Let the dumbfuck mugger jump that immie they've never seen before, only to realize that immy used to be in a yakuza family and used their crate money to save up for a machete. It shifts the balance a little and makes interactions more diverse. All that to say, I think it's a great idea, especially since skills are easier to raise than stats, so new players can at least feel like they're progressing more when they put points into it, instead of having to dump like a week's worth of UE to go up one letter in a stat.

Of course, I think it's also worth discussing if this would make people more prone to making characters and getting them killed off if things go wrong, because they know they can jump back into another quicker than before. I don't think they would, because there's still a huge difference between say, someone who's been here 3 months and someone who's been here a year. And Sindome is 90% contacts, anyway.

@elysian

There are also IC ways to change that coded name. If it really bothers you, look into it. But mostly, realise at least a few players (and NPCs) have coded names that NOBODY knows them by (even though it accidentally slips and players use it in dialogue by mistake, but everyone just sort of waves it off generally.) I played one such character myself, where I'm pretty sure no one really knew their coded name IC and I never had issues.

As someone who spent UE on Skills exclusively for maybe the first 3 months, I agree that there needs to be far more emphasis on the importance of Stats.
Idea.

A section preceding point-spending that gives you premade options.

"Choose an archetype to view info on it, or create your own."

1) Ripper Doc

2) Medic

...etc.

20) Custom

When you select an archetype, you get a blurb from the archetypes page: (https://www.sindome.org/archetypes/)

Then you're asked if you want to select this archetype. Choose yes and you automatically get your stats assigned to you based on the skills & stats listed there.

So Ripper Doc gets 1/3 of stat points into INT, PCP, AGL

Make major skills count 3/4 and minor skills count 1/4 of skill points.

Ripper Doc gets 3/4 skill points in medical and bio tech, divided evenly. And 1/4 skill points in forensics and chemical, divided evenly.

Etc.

fwiw I agree with Sly and would have appreciated more of a heads up about how vital stats are
Alternatively blacklist certain advanced skills from character creation, that new players will have no conceivable way of knowing how they are used IC, or that they may require specific jobs or extremely expensive equipment.

Compared to other cyberpunk media some skills may work very differently (rigging) or be far less ubiquitous at street-level than might be expected (piloting, firearms) or require expensive equipment that is not obvious at character creation (chemical, forensics, bio tech), or have in-progress development (all decker skills).

A reluctance to engage with new players is often driven by their characters so often perming or vanishing in the first two weeks.
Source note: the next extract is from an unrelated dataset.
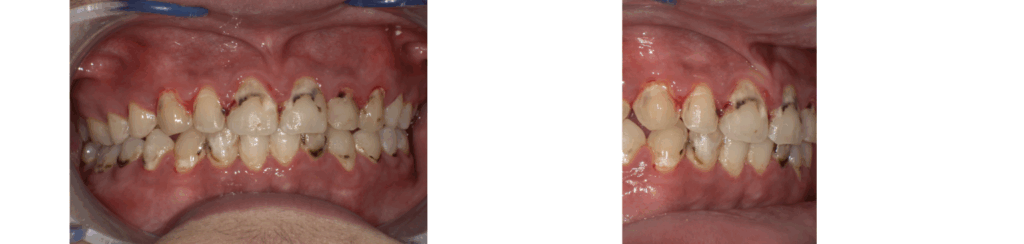 矯正中に虫歯が多発した男の子のワイヤー除去時の写真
Although part of that is likely just players deciding Sindome isn't for them, I do think some of that comes from learning IC knowledge about how skills work/what is actually good and sometimes deciding to build their character differently based on that knowledge.

A player who spends a few days learning how to start out strong with their skills, and then booths to start again with that OOC knowledge, will often have a coded advantage, both immediately and in the long run, over players who stick out their rough starts. I think it's worthwhile to consider providing some information to help make people feel like they're not making bad choices that contribute to them giving up.